TASK ITEM → Reproduce exactly, and only, the lines of the material below running from the line bearing "This little rose" through the line bearing "Chow-Chow puppies and". Leave any pictures out.

DATA SHOWN →
--- --- ---

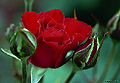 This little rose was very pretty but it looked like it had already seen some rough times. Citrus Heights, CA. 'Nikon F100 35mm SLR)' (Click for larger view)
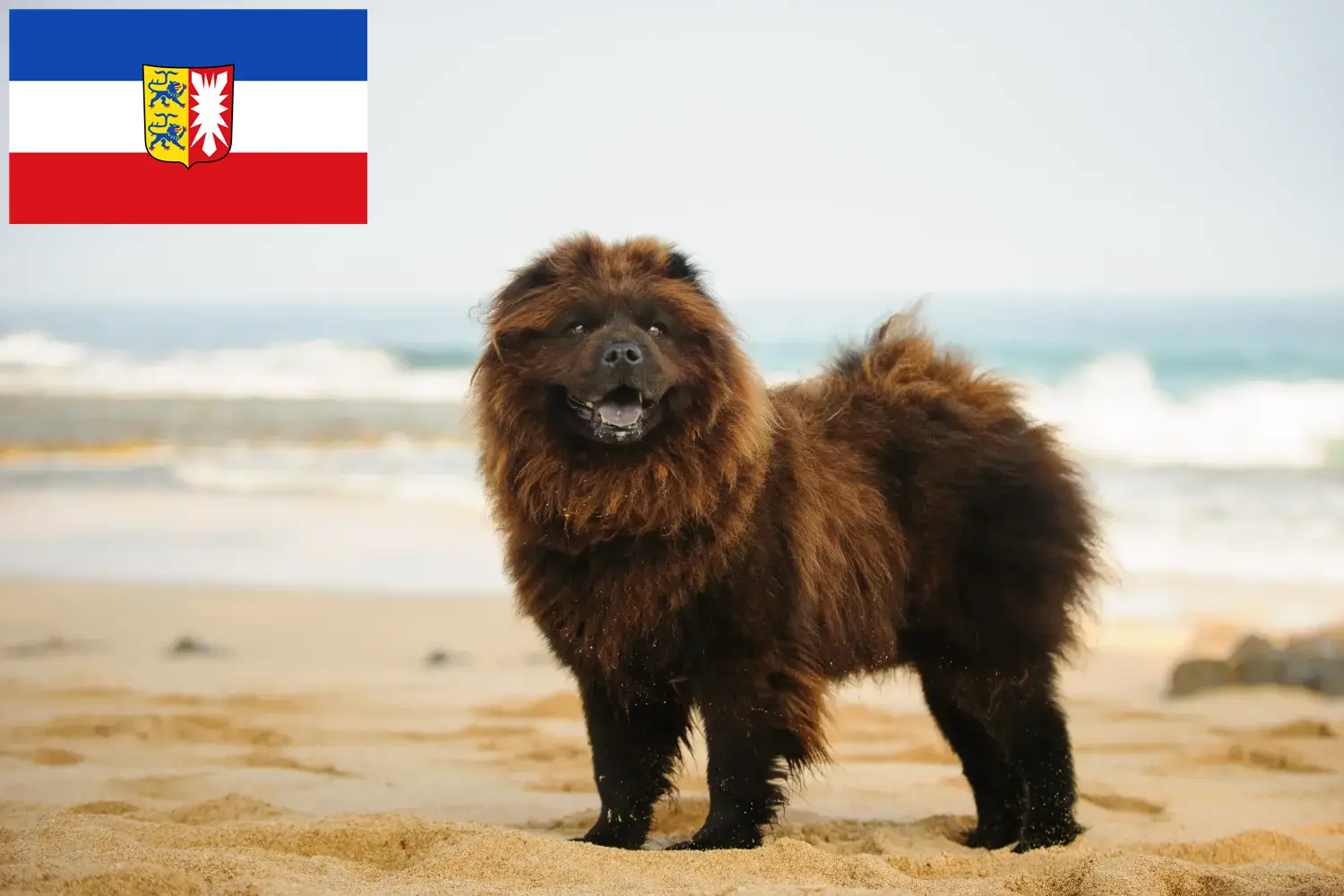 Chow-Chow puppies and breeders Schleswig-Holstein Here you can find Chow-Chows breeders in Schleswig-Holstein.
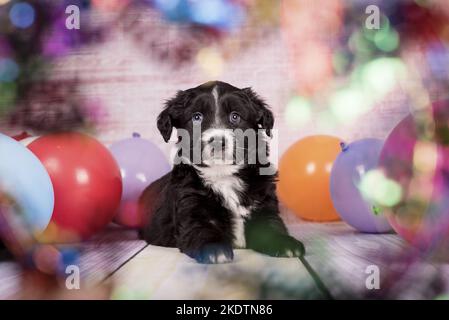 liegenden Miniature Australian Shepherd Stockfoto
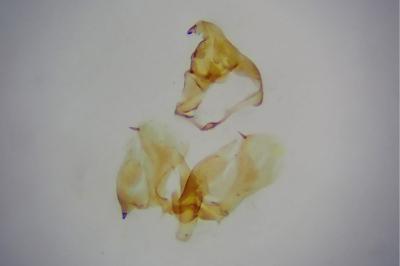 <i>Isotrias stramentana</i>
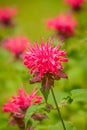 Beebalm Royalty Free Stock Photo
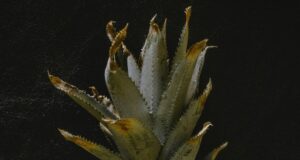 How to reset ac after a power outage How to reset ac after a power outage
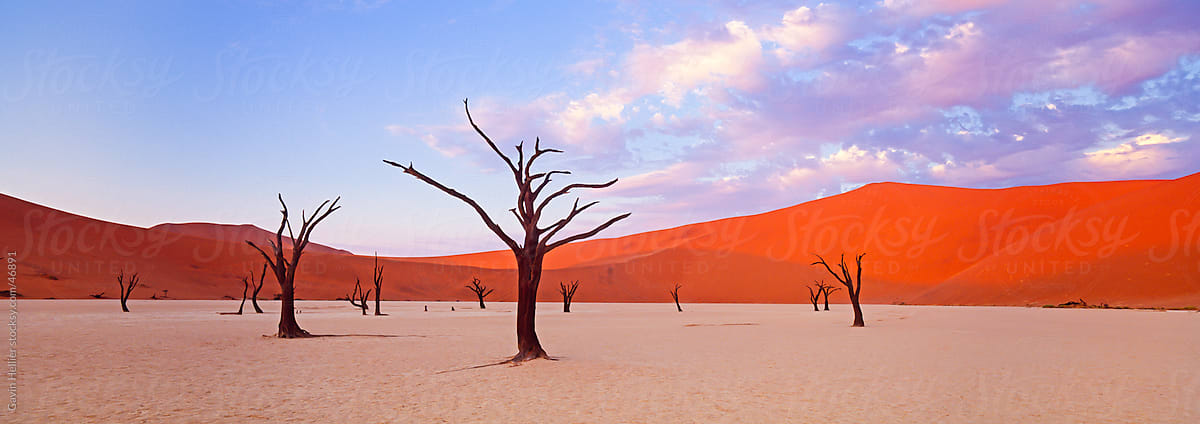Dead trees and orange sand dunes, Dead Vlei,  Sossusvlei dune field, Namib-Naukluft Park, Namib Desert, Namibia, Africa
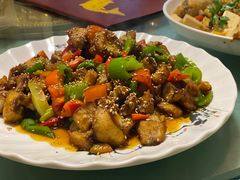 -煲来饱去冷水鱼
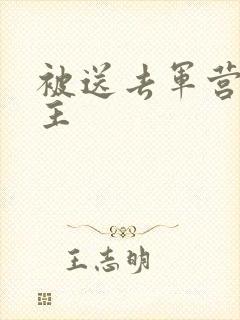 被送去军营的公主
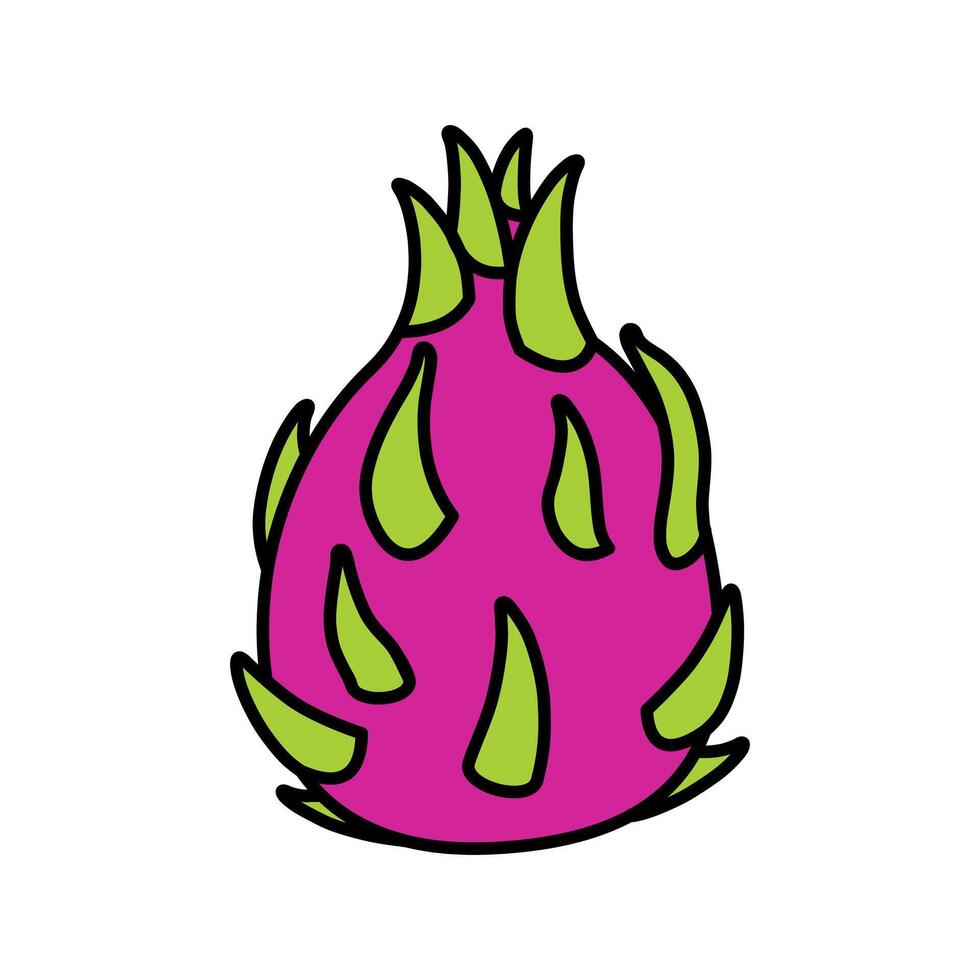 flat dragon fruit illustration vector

--- --- ---

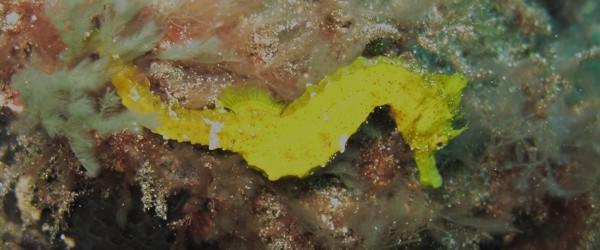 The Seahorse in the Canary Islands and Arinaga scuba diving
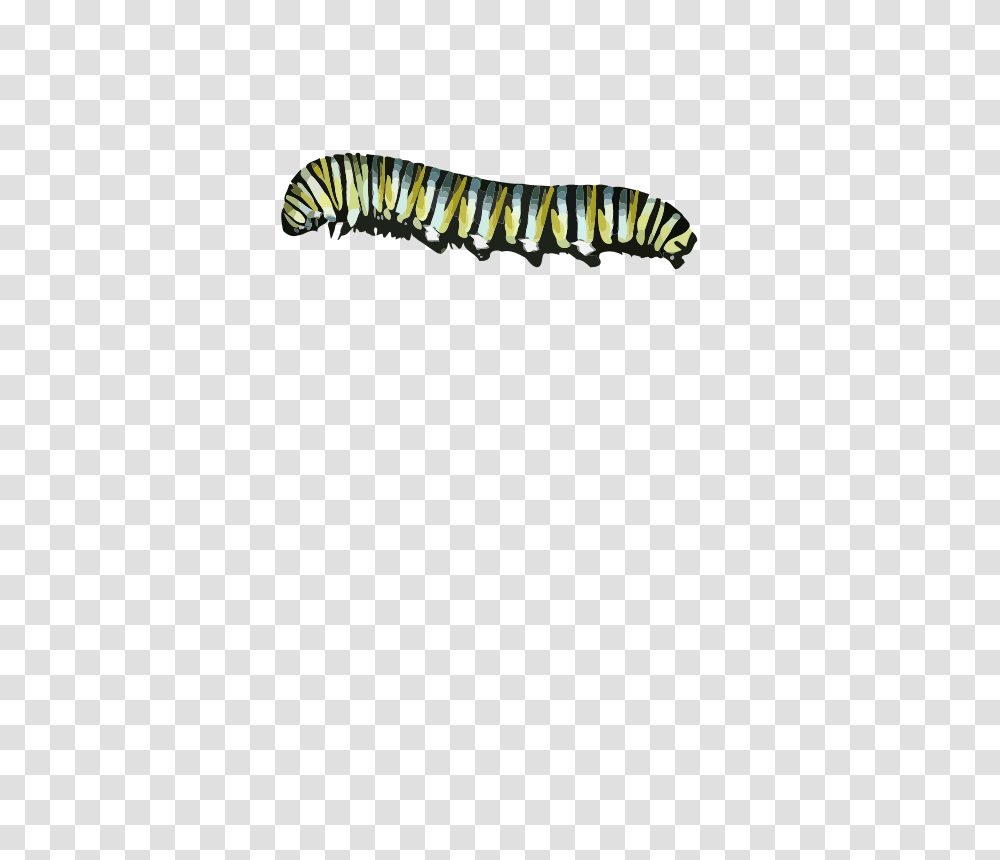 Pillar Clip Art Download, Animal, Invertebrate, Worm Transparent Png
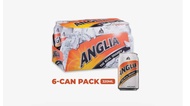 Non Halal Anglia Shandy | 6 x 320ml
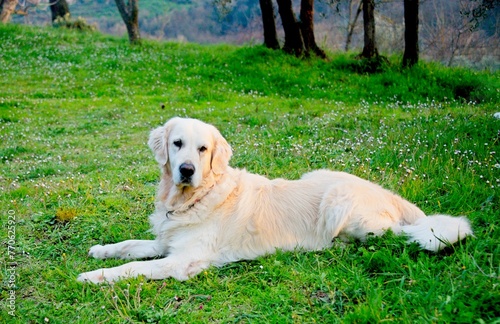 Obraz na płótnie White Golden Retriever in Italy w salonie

--- --- ---

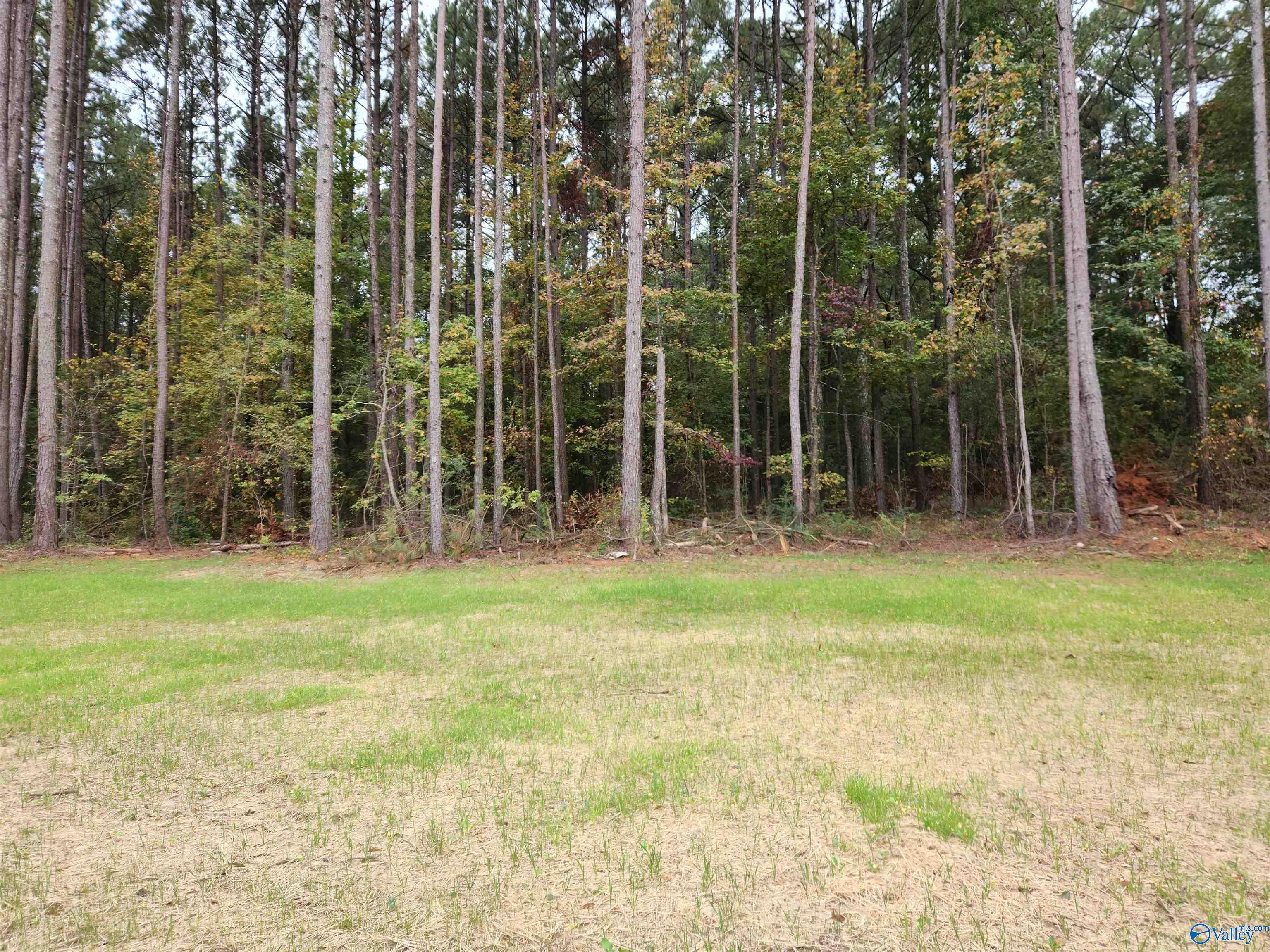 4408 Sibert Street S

--- --- ---

YOUR RESPONSE →
 This little rose was very pretty but it looked like it had already seen some rough times. Citrus Heights, CA. 'Nikon F100 35mm SLR)' (Click for larger view)
 Chow-Chow puppies and breeders Schleswig-Holstein Here you can find Chow-Chows breeders in Schleswig-Holstein.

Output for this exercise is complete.